## Required work
Below this task are records; return each one exactly and omit its images.

## Provided data

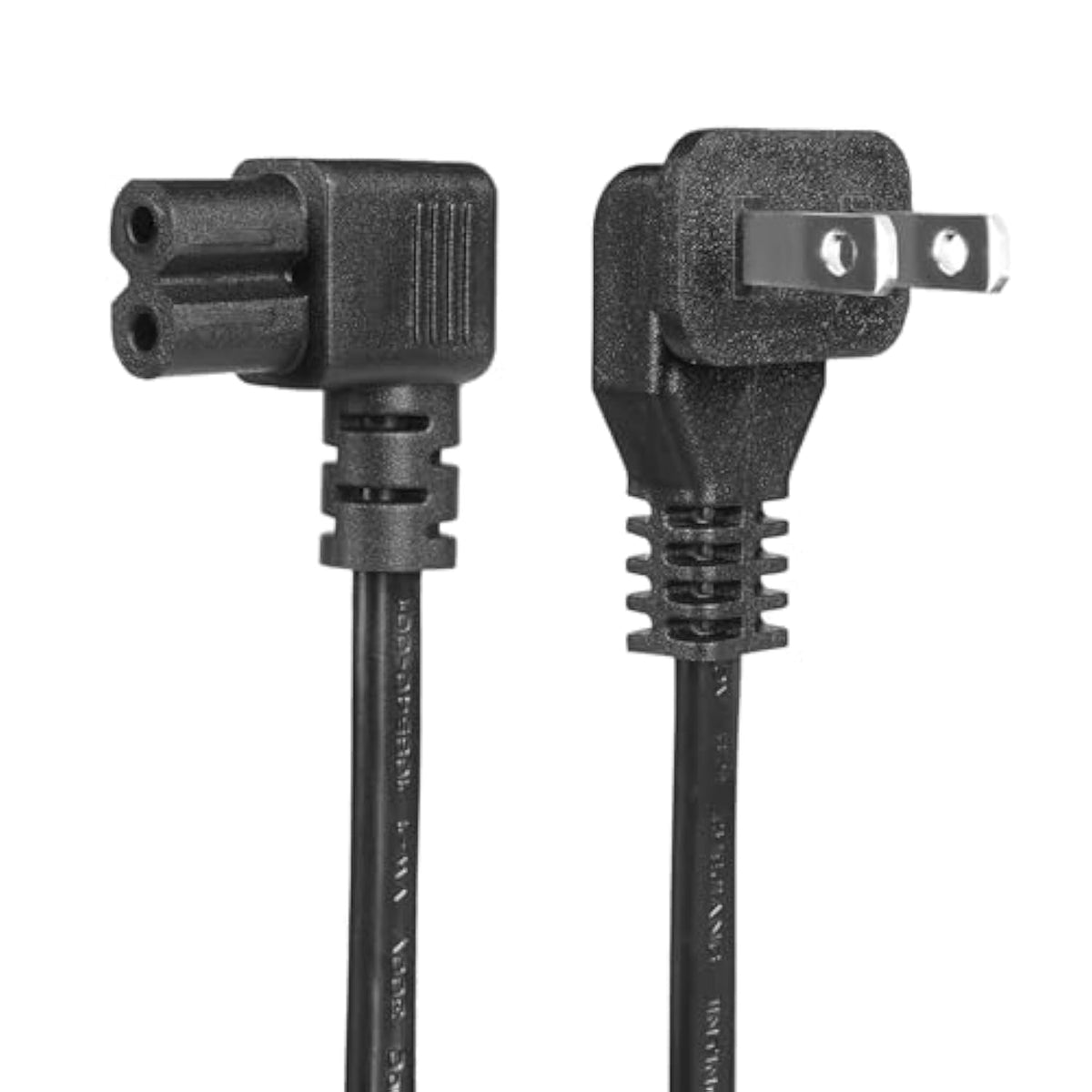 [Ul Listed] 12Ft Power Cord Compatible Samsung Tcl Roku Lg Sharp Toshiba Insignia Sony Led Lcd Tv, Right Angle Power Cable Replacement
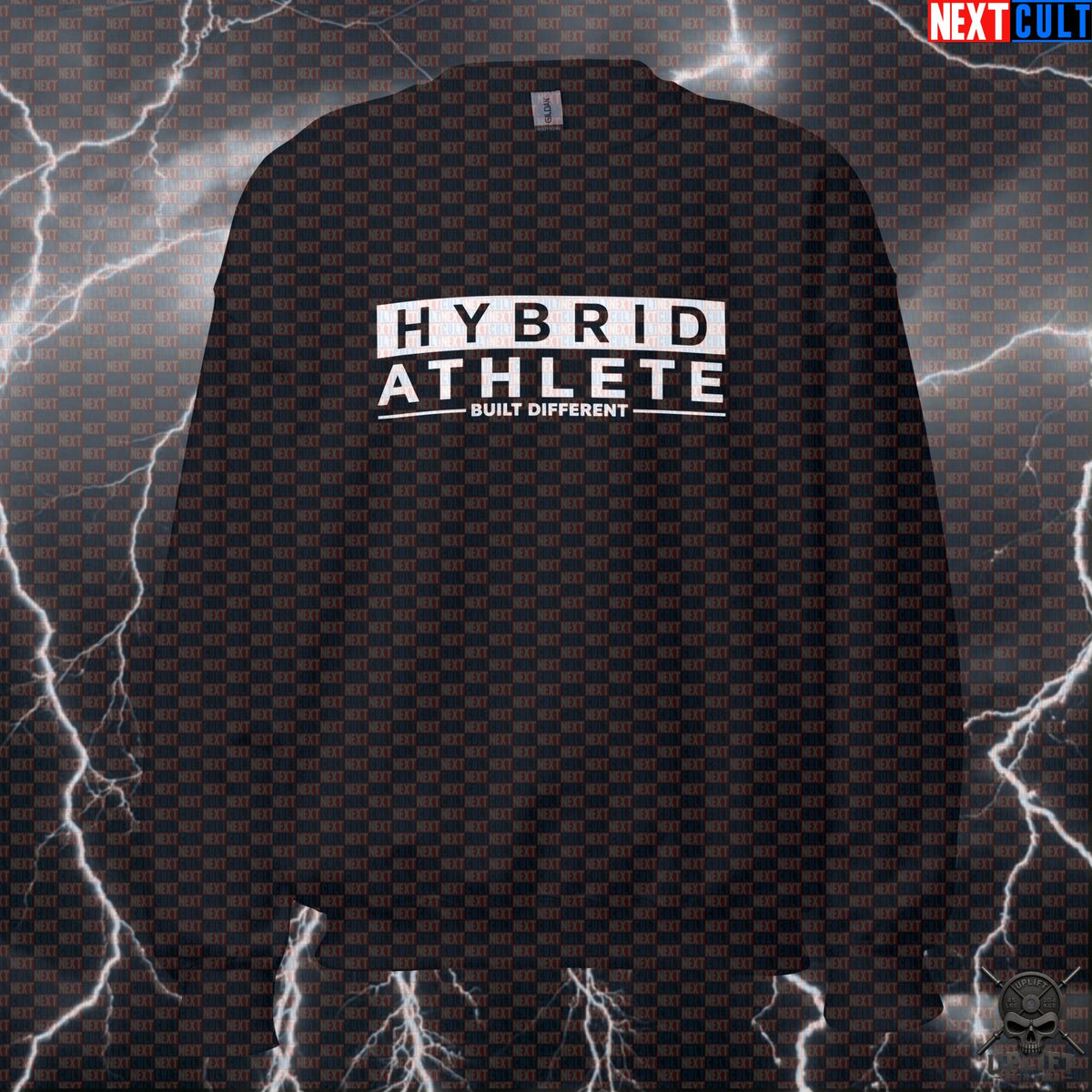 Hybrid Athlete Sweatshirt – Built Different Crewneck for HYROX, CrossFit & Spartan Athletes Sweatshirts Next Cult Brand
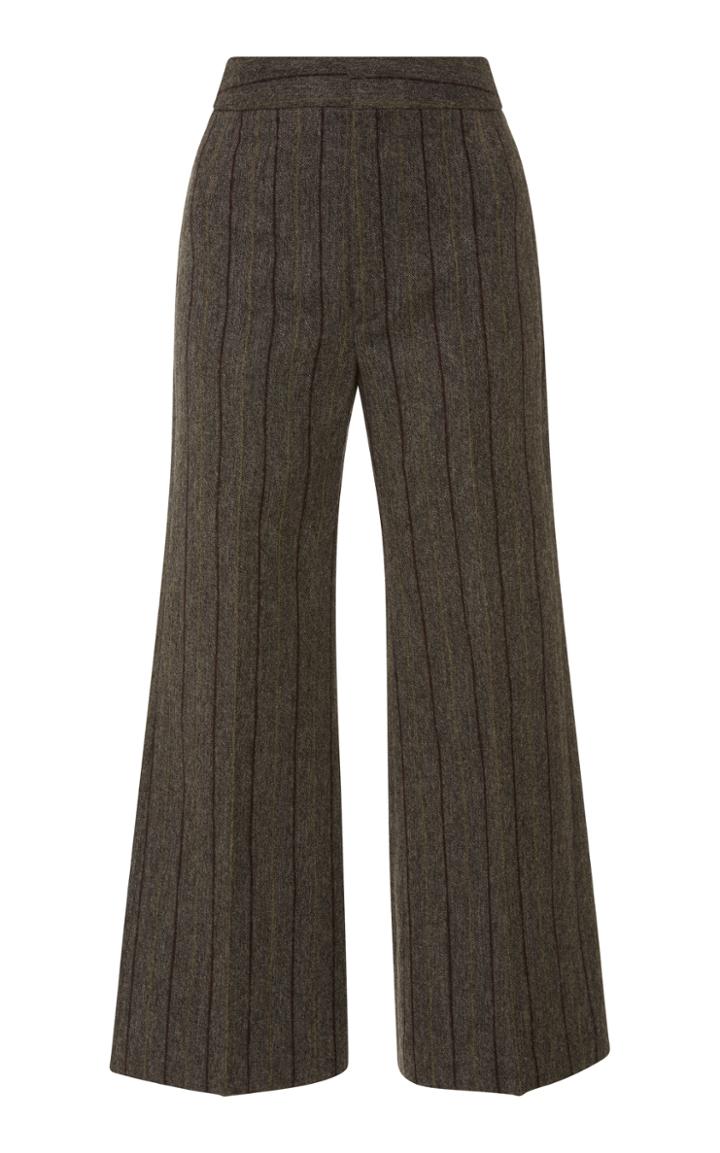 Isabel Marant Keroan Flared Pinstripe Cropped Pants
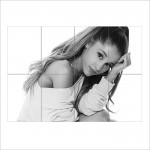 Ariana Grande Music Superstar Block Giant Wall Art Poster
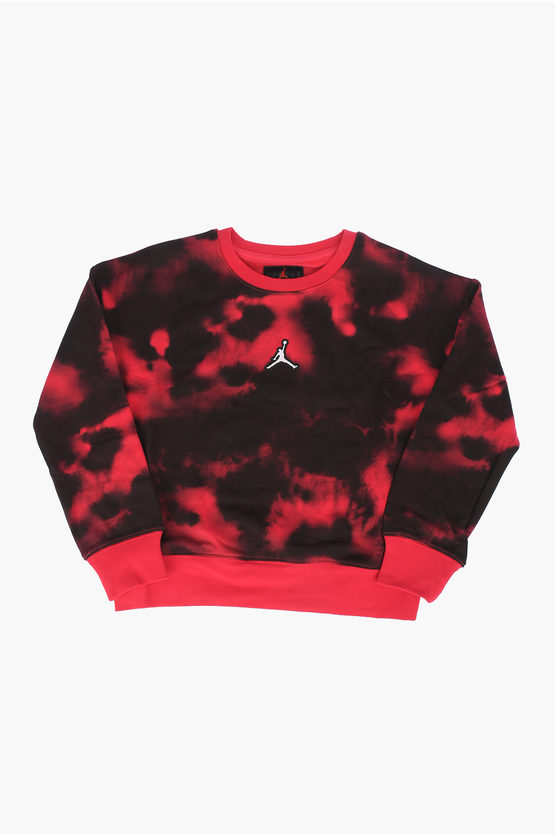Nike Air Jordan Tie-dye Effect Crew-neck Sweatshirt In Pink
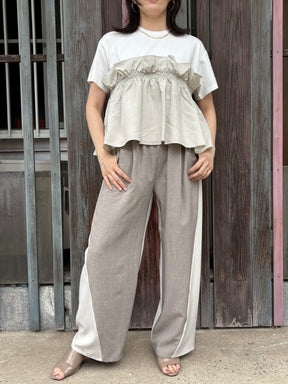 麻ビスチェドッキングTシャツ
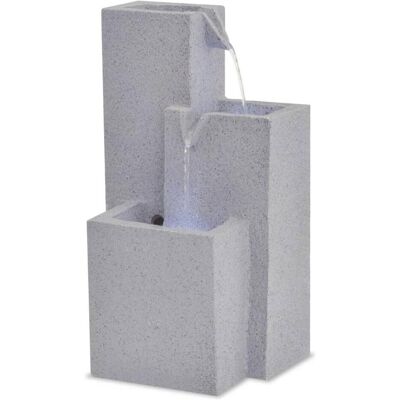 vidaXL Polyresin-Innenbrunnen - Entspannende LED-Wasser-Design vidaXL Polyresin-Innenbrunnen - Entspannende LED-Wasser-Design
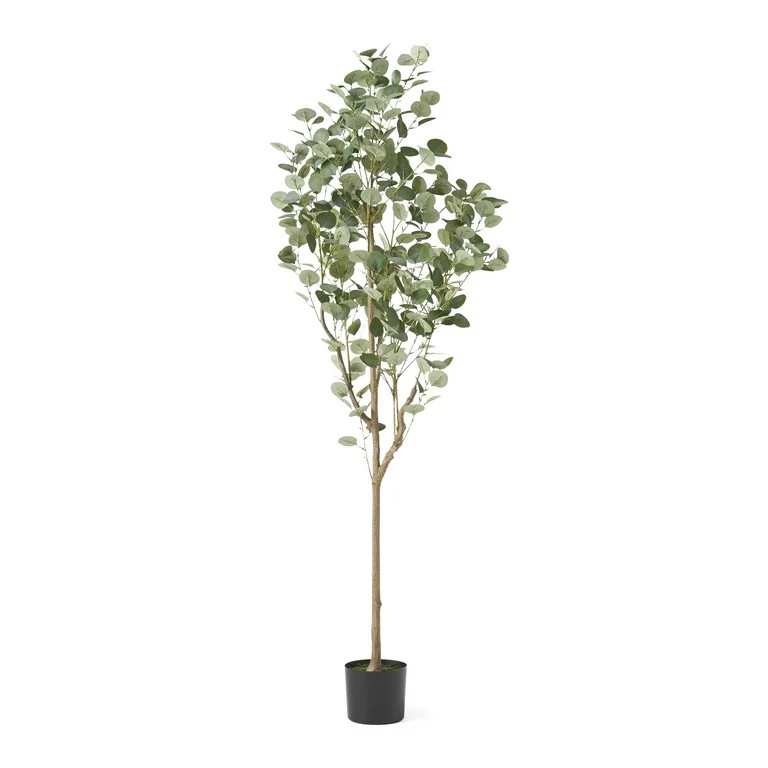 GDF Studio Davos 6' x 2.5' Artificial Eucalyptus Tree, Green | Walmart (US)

## Answer to the exercise
 [Ul Listed] 12Ft Power Cord Compatible Samsung Tcl Roku Lg Sharp Toshiba Insignia Sony Led Lcd Tv, Right Angle Power Cable Replacement
 Hybrid Athlete Sweatshirt – Built Different Crewneck for HYROX, CrossFit & Spartan Athletes Sweatshirts Next Cult Brand
 Isabel Marant Keroan Flared Pinstripe Cropped Pants
 Ariana Grande Music Superstar Block Giant Wall Art Poster
Nike Air Jordan Tie-dye Effect Crew-neck Sweatshirt In Pink
 麻ビスチェドッキングTシャツ
 vidaXL Polyresin-Innenbrunnen - Entspannende LED-Wasser-Design vidaXL Polyresin-Innenbrunnen - Entspannende LED-Wasser-Design
 GDF Studio Davos 6' x 2.5' Artificial Eucalyptus Tree, Green | Walmart (US)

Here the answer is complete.